Österreich: Strommarkt-Reform in finaler Phase

Die größte Reform des österreichischen Strommarktes seit 20 Jahren steht vor dem Abschluss. Das neue Elektrizitätswirtschaftsgesetz (ElWG) liegt nach Abschluss der Begutachtungsphase zur Finalisierung bei der Regierung.
Die Dringlichkeit ist enorm: Ohne moderne Rechtsgrundlage droht die Energiewende ins Stocken zu geraten. Der Druck durch EU-Vorgaben und den rasanten Ausbau erneuerbarer Energien wächst stetig. 600 Stellungnahmen zum Gesetzesentwurf zeigen das außergewöhnliche Interesse der Wirtschaft.
Kernpunkte der Reform: Was sich für Verbraucher ändert
Das ElWG soll das veraltete Gesetz von 2010 ersetzen und günstigere Preise sowie stabilere Netze ermöglichen. "Mit dem neuen Elektrizitätswirtschaftsgesetz wollen wir günstigere Preise, stabilere Netze und die Energiewende beschleunigen", erklärte Energieminister Wolfgang Hattmannsdorfer.
Die wichtigsten Neuerungen:
- Dynamische Strompreise: Verträge mit stundengenauer Preisanpassung
- Smart Meter: Schnellere Installation intelligenter Stromzähler
- Prosumer-Rechte: Bessere Bedingungen für Haushalte, die eigenen Strom produzieren
- Flexible Netzanschlüsse: Neue Erneuerbare-Anlagen können schrittweise ans Netz
Netzausbau: Der Flaschenhals der Energiewende
Das Tempo beim Ausbau erneuerbarer Energien überfordert die bestehende Infrastruktur. 2023 wurden Photovoltaikanlagen mit zwei Gigawatt installiert - zehnmal mehr als 2020. In Oberösterreich mussten bereits temporäre Annahmestopps für neue PV-Anlagen verhängt werden.
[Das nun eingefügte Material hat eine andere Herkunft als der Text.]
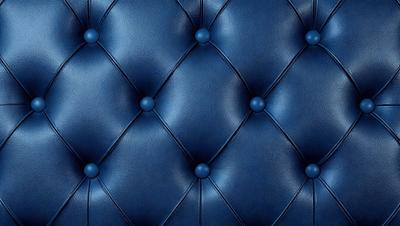 The primary subject of the image is a blue leather couch with a patterned design. The setting is a room with a blue background, and the visual style is a close-up of the couch. The colors and mood of the image are predominantly blue, creating a calm and relaxing atmosphere.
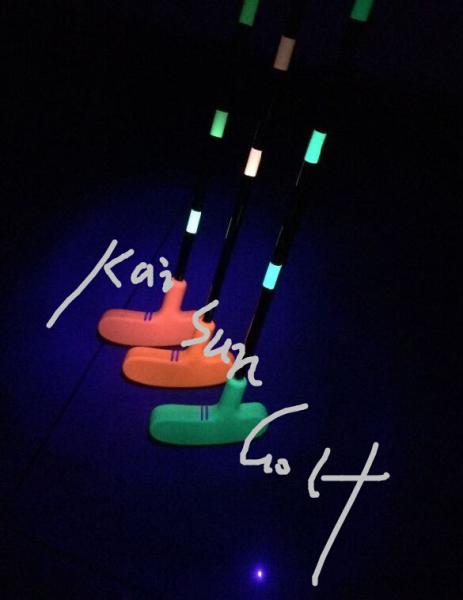 mini fluorescent golf putter in black light (glow in uv light ), mini golf putter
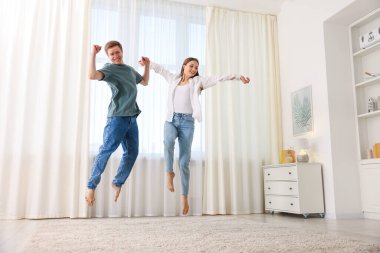 Mutlu genç çift evde dans ediyor, düşük açılı.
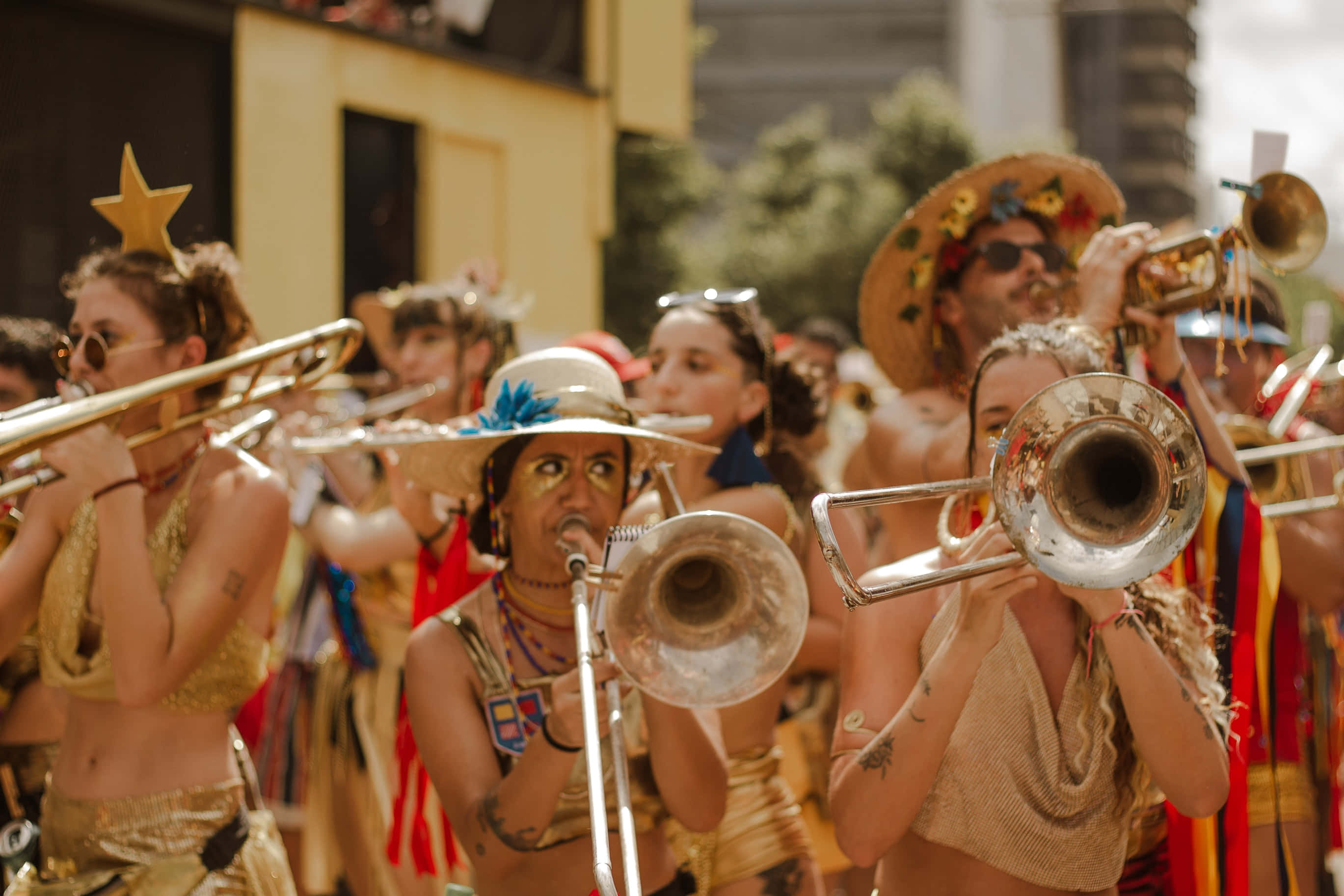 music festival 桌布 壁紙 — 一場充滿活力的街頭遊行，身穿金色服裝的音樂家在明亮的日光下演奏長號和小號。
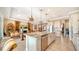 Modern kitchen with stainless steel appliances and granite island at 6337 Rivo Lakes Blvd, Sarasota, FL 34241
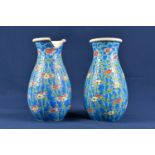 A pair of Japanese earthenware baluster vases early 20th century, profusely decorated with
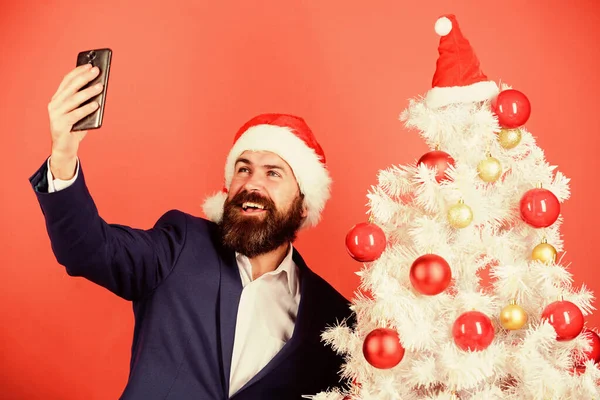 Selfie w pobliżu choinki. Uchwyć szczęśliwą pamięć. Przyjęcie noworoczne. Wesołych Świąt. Brodaty w sieci. biznesmen pracujący na wakacjach. Pozdrawiam jego najbliższych. manager santa hat używać smartfona — Zdjęcie stockowe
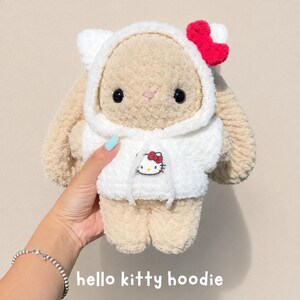 May include: A plush beige bunny toy wearing a white hooded sweatshirt. The hoodie features a small Hello Kitty graphic on the front and a bright red bow attached to the hood. The bunny has black eyes, a pink stitched nose, and long ears.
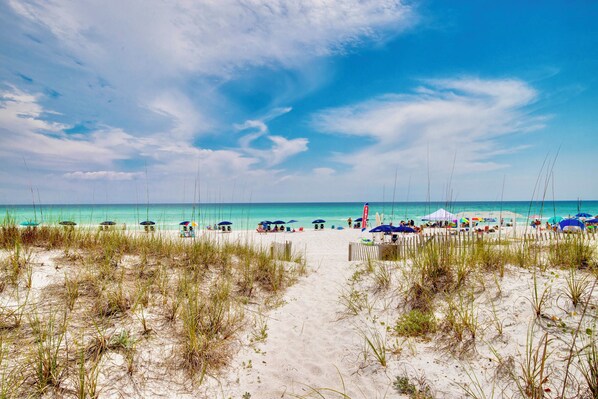 Ein Strand mit einem sandigen Pfad zum Wasser, Sonnenschirmen und Liegestühlen.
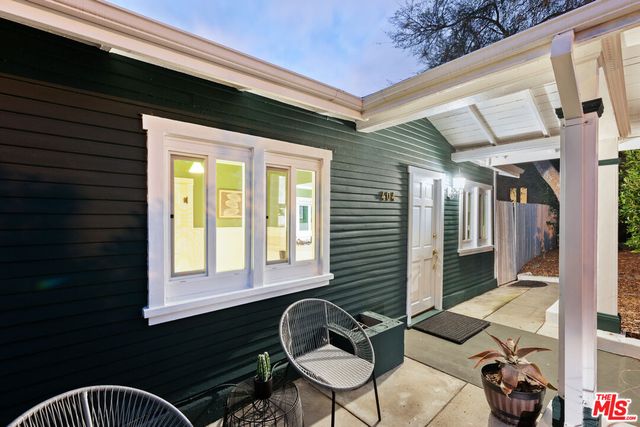 front view of house with a yard and large trees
Fachleute schlagen Alarm: Ohne massiven Netzausbau scheitert die Energiewende am eigenen Erfolg. Bis 2040 sind Investitionen von 44 Milliarden Euro nötig. Das ElWG reagiert mit flexiblen Netzentgelten - wer Strom bei geringer Auslastung verbraucht, soll künftig profitieren.
Zweites Gesetz soll Verfahren beschleunigen
Parallel arbeitet die Regierung am Erneuerbaren-Ausbau-Beschleunigungsgesetz (EABG). Ziel: Die oft jahrelangen Genehmigungsverfahren für Windparks und Stromleitungen drastisch verkürzen.
Der Schlüssel liegt im "überragenden öffentlichen Interesse" für Energiewende-Projekte. Diese würden bei Abwägungen mit anderen Interessen Vorrang erhalten - eine langjährige Forderung der Branche.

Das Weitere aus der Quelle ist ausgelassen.